Devant l’apathie du pouvoir politique en matière d’accès à l’information, devant les résistances des administrations, il faudrait reprendre le combat, devant les tribunaux si nécessaire.


Le dossier dressé par nos Bureaux d’enquête de Québec et de Montréal et nos Bureaux parlementaires dans les capitales nationale et fédérale est étoffé et éloquent : il y a une réelle régression sur le plan de l’accès à l’information chez nous.


En campagne ou en début de mandat, les politiciens ont tendance à faire des promesses en faveur d’une plus grande «transparence».


Philippe Couillard est allé jusqu’à s’engager à diriger le gouvernement «le plus transparent» de l’histoire du Québec. Mais presque rien n’a changé en quatre ans. Pour la forme, son gouvernement s’apprête à déposer un projet de loi mort-né pour moderniser notre vieux régime d’accès à l’information.


Est-ce à dire que M. Couillard n’avait secrètement pas l’intention de remplir son engagement? Je ne crois pas. Mais une fois qu’on s’installe au pouvoir, l’administration nous conseille de cacher ceci, ou cela. De se montrer «extrêmement prudent».


Des conseillers ordonneront de ne pas révéler telle information ou telle autre. Ou encore de prendre son temps. Des ministres exigent de réviser toute réponse à des demandes d’information «sensibles».


L’ère de l’information?


Dans les années 1990 et au début des années 2000, un journaliste de The Gazette, Rod Macdonell, avait traîné l’Assemblée nationale jusqu’en Cour suprême pour obtenir le détail des dépenses d’élus québécois. Il contestait l’utilisation (abusive) d’un article de la loi d’accès à l’information (art. 34), qui bétonne le secret qui protège les documents produits «pour le compte» des élus.
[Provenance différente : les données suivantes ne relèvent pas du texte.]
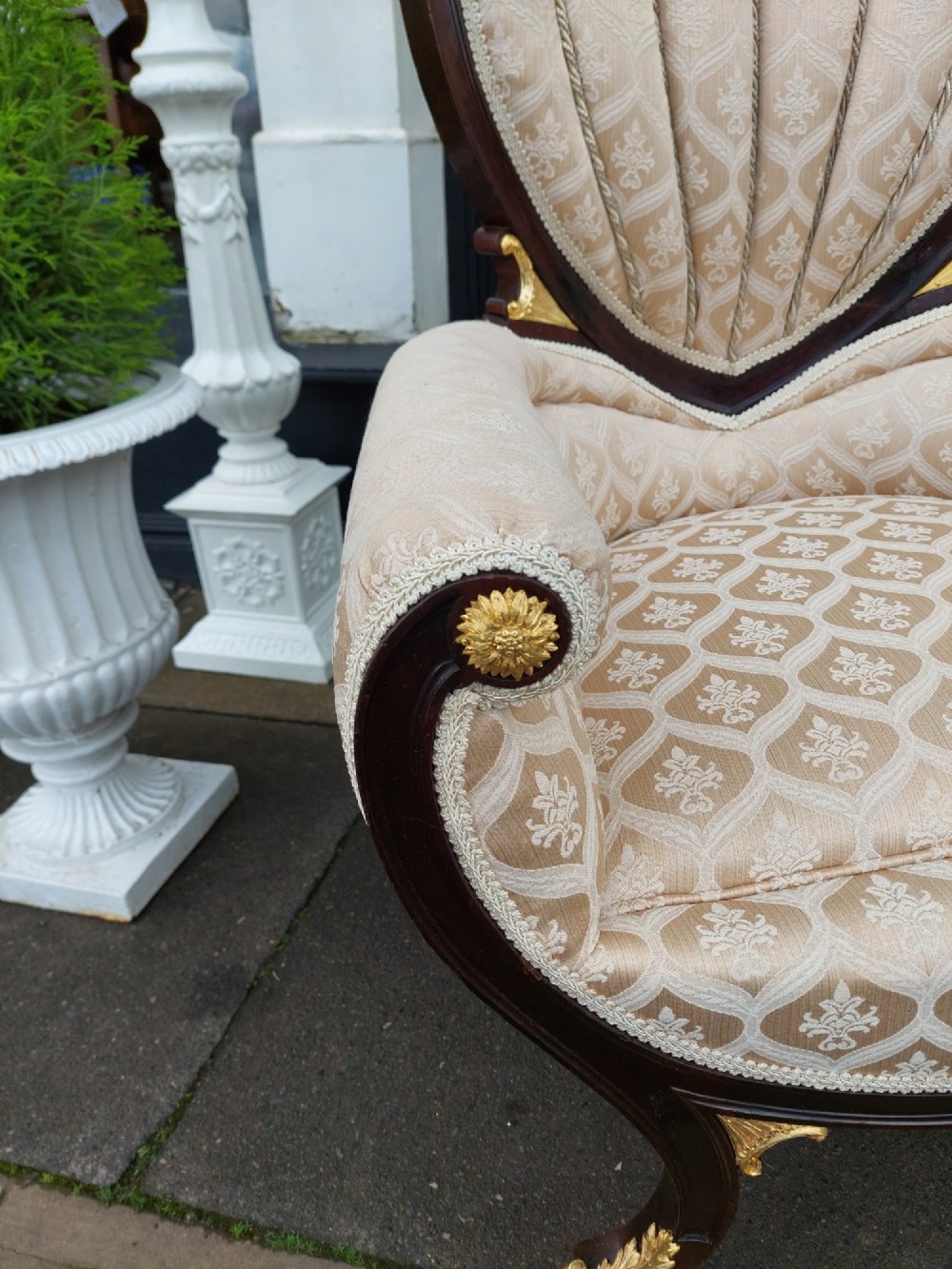 An upholstered French Empire style mahogany armchair featuring gilt bronze mounts, a channelled backrest, cream fabric, and brass castors. View VII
En vain. En 2002, les «suprêmes» décidaient finalement qu’un rapport de dépenses, c’était tabou. Seul un montant global pouvait être dévoilé.


C’est pour cette raison que notre collègue Annabelle Blais n’a pu obtenir que des coûts totaux des déplacements à l’étranger du président de l’Assemblée nationale et des élus (restaurants, alcool, avions, etc.).


Les dépenses effectuées ici, notamment les frais d’hébergement, font aussi l’objet d’un même secret absolu. Protégé par le plus haut tribunal en 2002.


16 ans plus tard


C’était il y a 16 ans quand même! Depuis, de l’eau a coulé sous les ponts.


Déjà à l’époque, quatre juges sur neuf (dont Michel Bastarache) s’étaient montrés dissidents dans cette cause, osant écrire : «Nous doutons fort qu’il soit essentiel à la fonction du député de garder le secret sur la façon dont il dépense les fonds publics qui sont mis à sa disposition et dont l’utilisation est soumise à des modalités précises.»


Depuis 2002, les exigences de la population en matière d’utilisation des fonds publics n’ont cessé de croître. Depuis 2002, un commissaire à l’accès à l’information, Jean Chartier, a formellement déclaré (en 2016), en conférence de presse, que le secret devrait être levé sur le détail des dépenses des députés.


Depuis 2002 enfin, des députés ont eux-mêmes décidé de lever en partie le voile sur la manière dont ils utilisent les fonds publics. (Suivez notre dossier dans les prochains jours!)


Devrons-nous retourner devant les tribunaux pour nous débarrasser entièrement de ce tabou ou nos élus le feront eux-mêmes?